His work resulted in the National Suicide Prevention Lifeline phone number to be included on the back of all University of South Carolina identification cards, and it was the catalyst for the state's Student Identification Card Suicide Prevention Act. This bill, signed in 2021, requires public schools in South Carolina serving grades 7-12 and public and private colleges and universities to provide the Lifeline phone number and an additional crisis resource of their choosing on school-issued student identification cards.
“Every student and employee receive a Carolina Card when they begin UofSC. I thought adding the hotline number to something so prominent on campus would provide an easy access tool for members of the Carolina community,” Quarles said at the time.
Quarles, a College of Nursing alumnus, is now studying to be a certified registered nurse anesthetist at the UofSC School of Medicine Columbia. Gov. Henry McMaster recently awarded him the Order of the Silver Crescent, the state’s most prestigious service award, for his efforts in adding the Lifeline number to the back of Carolina Cards. Quarles is believed to be the first College of Nursing and School of Medicine Columbia student to receive the award.

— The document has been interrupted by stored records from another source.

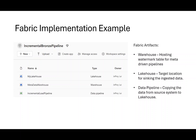To do this, I have deployed three items in my workspace. My workspace is called Incremental Bronze Pipeline, and in that one I have deployed a lakehouse to host my watermark table, a lakehouse to host my data where I'm going to sync my data into, and a pipeline that is ingesting the data from my source into my lakehouse.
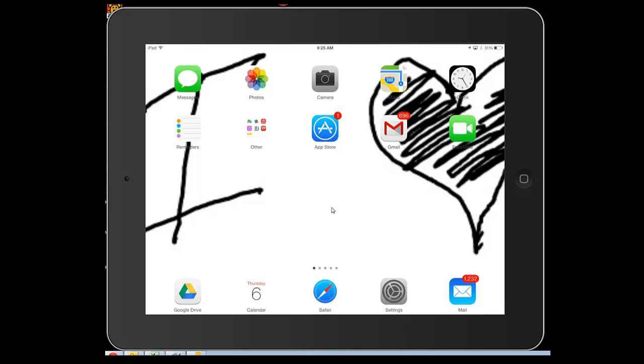So today what we're going to do is start a new file and share it with Google Drive. I've got Google Drive right here on my desktop, because that's where I believe in it being.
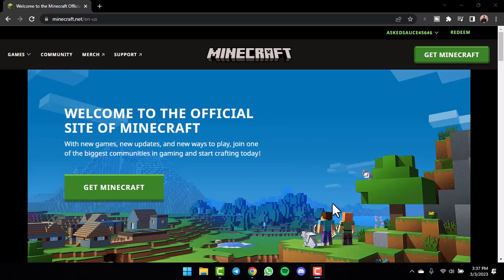To do that, first of all, go to any web browser on either your mobile device or your desktop, and in the web address bar, simply type in Minecraft.net.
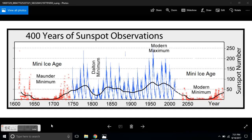Good evening everyone. This is Diamond from the Oppenheimer Ranch Project. The time is 7:31 p.m. Mountain Time, September 18th on a Monday evening.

Since choosing the path of health care as a freshman in college, Quarles has been interested in how health care and politics intersect to improve community health and patient outcomes. He spent the summer of 2017 working as a mayor's fellow for former Columbia Mayor Steve Benjamin.
"The fellowship working in the mayor's office showed me how nurses can impact the political landscape and why policy is so vital," says Quarles.

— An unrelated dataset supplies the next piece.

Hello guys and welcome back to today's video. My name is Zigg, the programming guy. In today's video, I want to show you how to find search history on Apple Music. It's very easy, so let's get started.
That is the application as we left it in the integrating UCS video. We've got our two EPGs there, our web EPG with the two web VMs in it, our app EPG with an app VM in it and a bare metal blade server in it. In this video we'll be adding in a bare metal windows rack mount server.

Fast forward to 2022, Quarles was joined by his wife, Gaby, his parents and his wife's family at the State House to be awarded the Order of the Silver Crescent by McMaster. The governor spoke about Quarles’ outstanding service work to the university and his state.
"What today means to me, it shows the power of the individual to make an impact. It really highlights the core of who we are, and our core values as health care professionals, as nurses and as a future CRNA. To represent the University of South Carolina, the College of Nursing and the anesthesia program at the School of Medicine Columbia is really important to me. I'm so thankful to Governor McMaster for extending this welcome to us," Quarles said.
The National Suicide Prevention Lifeline provides free and confidential emotional support to people in suicidal crisis or emotional distress 24 hours a day, 7 days a week, across the United States. The Lifeline is comprised of a national network of over 200 local crisis centers, combining custom local care and resources with national standards and best practices. The Lifeline number is 1-800-273-8255.